The federal government has announced a one-stop shop for higher education support services with the goal of fostering collaboration among faculty, students, and the scholarly community at large.
Tertiary Education Research, Applications, and Services (TERAS), as described by the Minister of Education, Prof. Tahir Mamman, is an IT-based platform designed to reposition, enhance, and renew faith in the higher education sector of the country.
On Tuesday, in Abuja, the Tertiary Education Trust Fund (TETFund) unveiled its initiative, promising its unflinching support for recipient institutions and the TETFund as they work to realize the full potential of the Tertiary Education Access and Success (TERAS) program.
The future of our children and the fate of our country depend on our commitment to education. Past problems, such as the delays brought on by COVID-19, and current financial difficulties in our industry remain major concerns, he said.
“The benefits that TERAS promises to bring to educators, students, and the entire educational community are awe-inspiring and must be fully exploited,” he remarked.
Meanwhile, Sonny Echono, TETFund’s Executive Secretary, outlined the organization’s strategy for Tertiary Education Research, Applications, and Services as a whole.
He explained that the idea for TERAS came about during the difficult times of the COVID-19 pandemic, when the country’s educational system was essentially shut down. The effect was dramatic, but it also encouraged others to take action.

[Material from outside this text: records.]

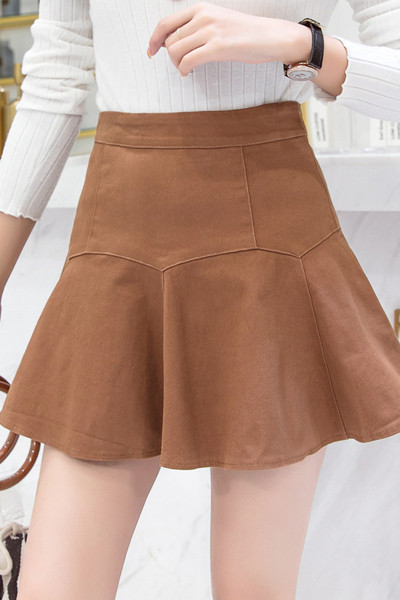 Fusta scurta de dama croiala cu talie inalta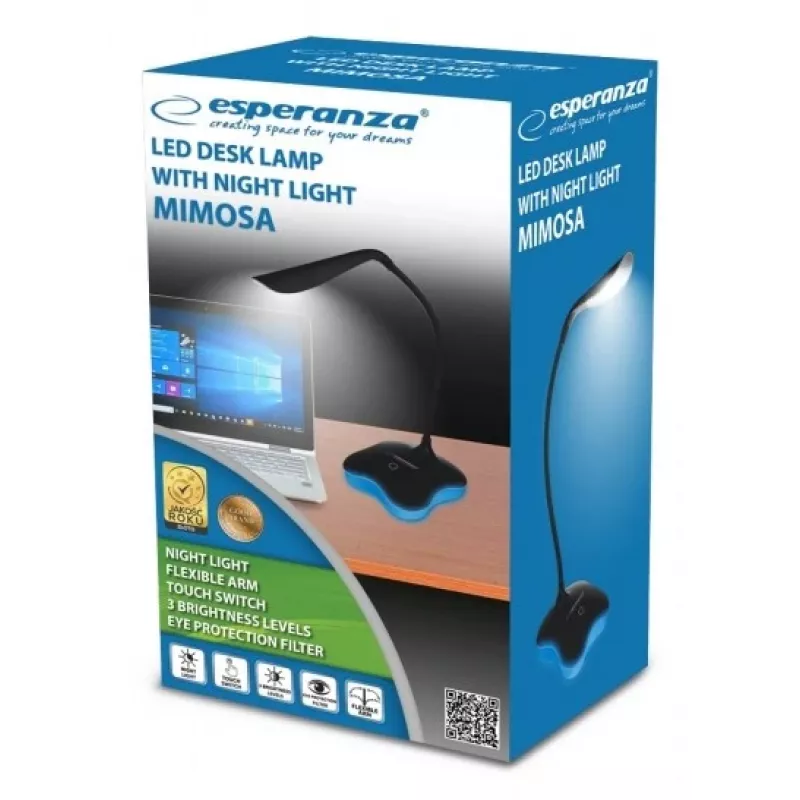 Galda lampa ESPERANZA ELD105K MIMOSA — LED galda lampa ar nakts gaismu, melna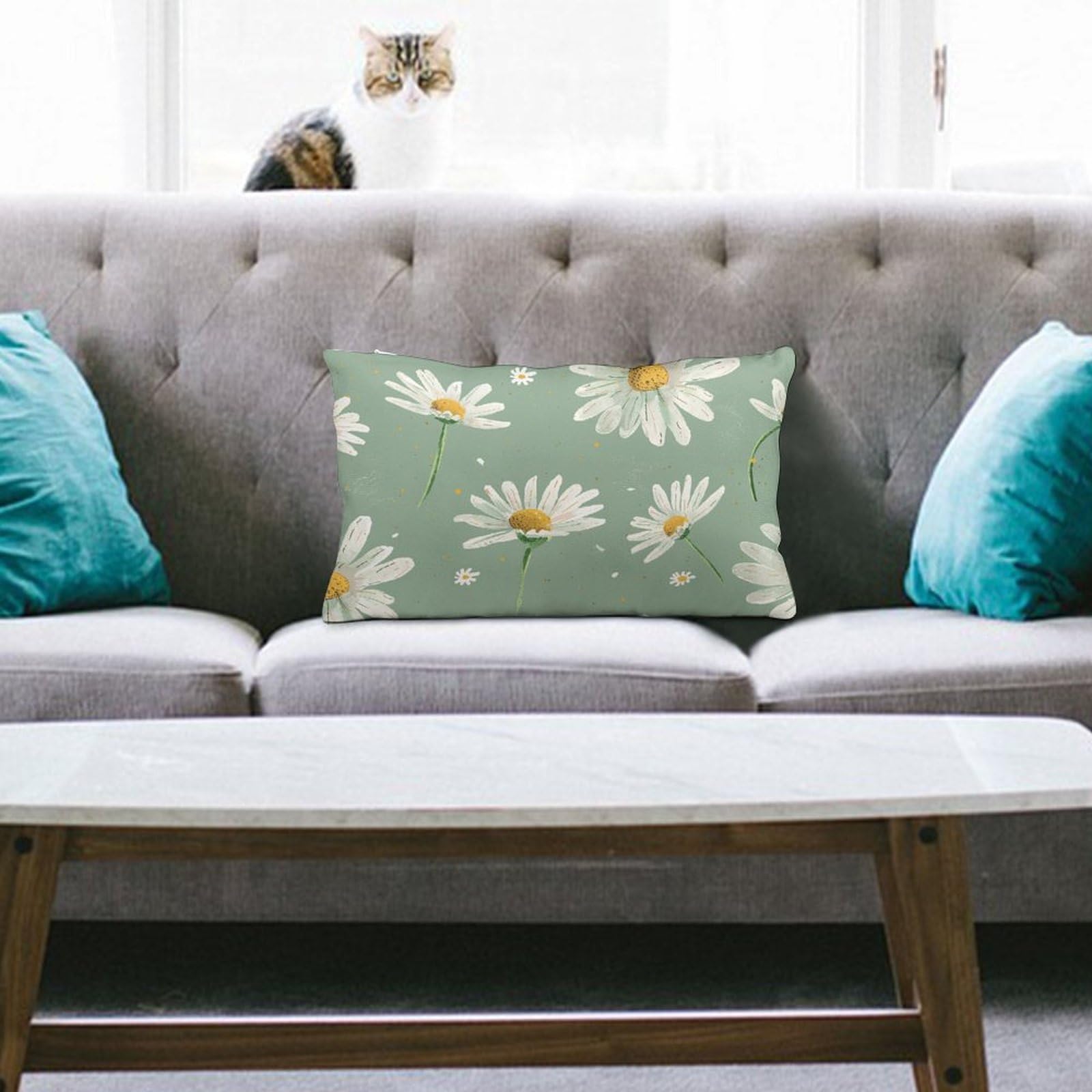 NTVOWPZO Decoration Throw Pillow Covers 8"x12" Pillowcases Covers Green Daisy Pattern Soft Pillowcases Modern Farmhouse Home Decor Sofa Cushions Covers for Couch Bed Living Room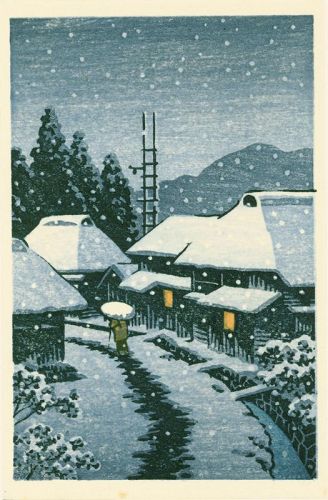 Kawase Hasui Japanese Woodblock Print - Evening Snow at Terajima SOLD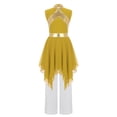thumbnail image 4 of Miutii Girls Lyrical Praise Dance Outfits 2pcs Shiny Metallic Sleeveless Asymmetrical Hem Dress with Pants Modern Dance Set Yellow White 16, 4 of 6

“TERAS is built with the intention of integrating several different parts without any noticeable gaps. Student, researcher, and institution access to vital academic resources and research materials is addressed first by identity management via BIMS (Beneficiary Identity Management System), and then by a federated academic repository.
“Additional services, include EagleScan for plagiarism detection and sponsored Mobile Internet Access. Our institutions, faculty, and students have access to EBSCO, the Blackboard LMS, digital literacy training (including ICDL and communication skills training), and intervention funding.
Committee of Vice-Chancellors of Nigerian Universities Secretary Professor Yakubu Ochefu made a comparison between TERAS and a shopping mall for educational technology.
He urged Nigerians to step forward if they have access to any technology that may be used to improve the country’s educational system.
I’d like to bring it to the minister’s notice that TERAS should be available to researchers across Nigeria. Since it was created using public funds for education, it should be accessible to all citizens of Nigeria.